High-speed malicious URL detection using a Bloom Filter

Project description

dvara

High-speed malicious URL detection using a Bloom Filter. Checks 3 million URLs in 5MB of RAM.

PyPI version Python 3.11+ License: MIT

pip install dvara

dvara check https://suspicious-site.com
🚨 MALICIOUS | urlhaus | malware_download | 2.5ms | online

dvara check https://google.com
✅ CLEAN | 0.1ms | online

What is dvara?

dvara is a Python CLI and library for detecting malicious URLs using a Bloom Filter — the same probabilistic data structure used internally by Chrome Safe Browsing.

It ingests threat feeds from URLhaus, PhishTank, and OpenPhish (~86,000 URLs updated daily), stores them in a 5MB Bloom Filter, and checks any URL in under 1ms — without touching a database for clean URLs.


Architecture

Daily ingestion job
→ Pulls URLhaus + PhishTank + OpenPhish (~86k–3M URLs)
→ Builds Bloom Filter (5.2MB, 0.1% FPR)
→ Saves to ~/.dvara/filter.bin

dvara check [url]  (online mode)
→ FastAPI backend
→ Hash URL → check 10 bit positions in Bloom Filter
→ All bits OFF → CLEAN instantly (0.1ms, DB never touched)
→ All bits ON  → query PostgreSQL confirmed_urls table
→ Found        → MALICIOUS + source + category
→ Not found    → SUSPICIOUS (false positive)

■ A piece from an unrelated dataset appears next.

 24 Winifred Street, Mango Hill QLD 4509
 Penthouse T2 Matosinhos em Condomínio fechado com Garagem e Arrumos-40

dvara check [url] --offline
→ Loads filter from ~/.dvara/filter.bin
→ Checks locally, zero network calls
→ dvara update to refresh

Two-stage design (the key insight)

Stage What Latency When
1 — Bloom Filter Redis bitstring, 10 hash lookups 0.1ms Every request
2 — PostgreSQL confirmed_urls table lookup 1–3ms Only on bloom hits

Clean URLs never touch the database. False negatives are mathematically impossible.


Benchmarks

Metric Result
Clean URL check 0.1ms
Malicious URL check (full pipeline) 2.5ms
URLs stored 85,976 (scales to 3M)
Filter size 5.14 MB
False negative rate 0% (guaranteed)
Target false positive rate 0.1%
Actual false positive rate ~0% at current fill

Installation

pip install dvara

For running the backend server

pip install dvara[server]

CLI Usage

Check a URL (online mode — hits API)

dvara check https://suspicious-site.com

Check a URL (offline mode — local filter, zero network)

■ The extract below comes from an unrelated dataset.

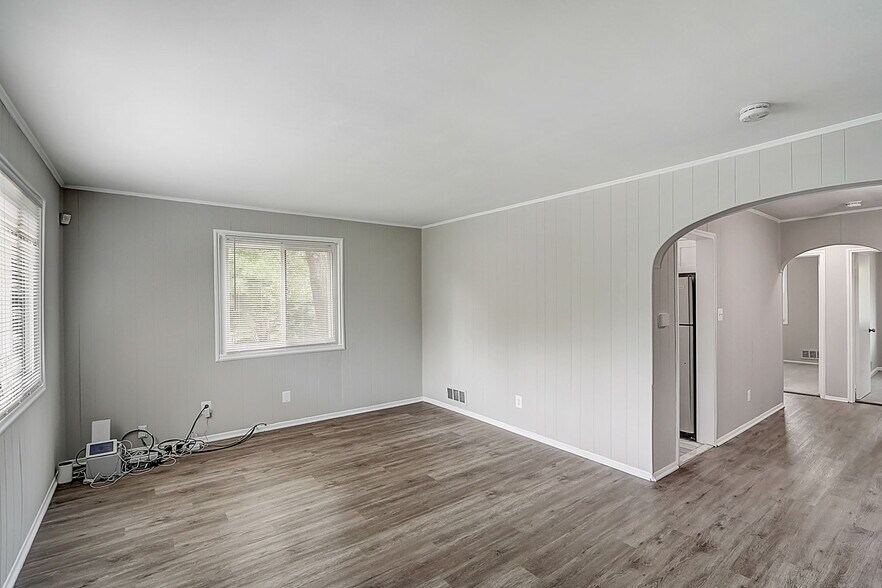 More Photos Of 872 Bellevue St SE, Washington Apartments For Sale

dvara check https://suspicious-site.com --offline

Show filter and API stats

dvara stats

Update local filter cache

dvara update

Run ingestion manually

dvara ingest
dvara ingest --dry-run

Running the Backend

With Docker Compose (recommended)

git clone https://github.com/yourusername/dvara
cd dvara
docker compose up --build

This starts:

  • FastAPI — API server on port 8000
  • Redis — Bloom filter bitstring cache
  • PostgreSQL — confirmed URLs table

Manually

pip install dvara[server]

# Build the filter
python -m dvara.ingestion

# Start the API
python -m uvicorn dvara.app:app --reload

API Endpoints

Endpoint Method Description
/api/check?url=... GET Two-stage URL check
/api/confirm?url=... GET Direct DB lookup
/api/stats GET Filter + connection stats
/api/reload POST Reload filter from disk
/health GET Health check

Example response

{
  "url": "http://110.36.95.252:49267/bin.sh",
  "result": "MALICIOUS",
  "source": "urlhaus",
  "category": "malware_download",
  "latency_ms": 2.5,
  "stage": "db",
  "checked_at": "2026-05-02T13:01:04.767776+00:00"
}

The Math

  • n = 3,000,000 URLs, p = 0.001 (0.1% FPR)
  • Bit array size: m = -(n × ln(p)) / (ln(2))² = ~43M bits = 5.2MB
  • Hash count: k = (m/n) × ln(2) = 10 hash functions
  • Hash algorithm: MurmurHash3 with seeds 0–9

Why Bloom Filter and not a hash set?

3M URLs in a Python hash set = 500MB+. A Bloom Filter at 0.1% FPR = 5.2MB. False positives just trigger the DB confirm — acceptable. False negatives are mathematically impossible. The Bloom Filter is the right tool.

Why Redis and not disk?

Multiple FastAPI workers need to read the same filter simultaneously. Disk requires locking. Redis bitstring is shared memory across all workers — horizontal scaling for free.


Threat Feed Sources

Feed Format URLs
URLhaus CSV ~26,000
PhishTank JSON (gzipped) ~59,000
OpenPhish Plaintext ~300

Project Structure

dvara/
├── bloom.py        ← BloomFilter class (core)
├── ingestion.py    ← Fetch feeds, build filter
├── app.py          ← FastAPI backend
├── cli.py          ← Click CLI commands
└── config.py       ← Constants and env vars

License

MIT

Project details


Download files

Download the file for your platform. If you're not sure which to choose, learn more about installing packages.

Source Distribution

dvara-0.1.1.tar.gz (1.0 MB view details)

Uploaded Source

Built Distribution

If you're not sure about the file name format, learn more about wheel file names.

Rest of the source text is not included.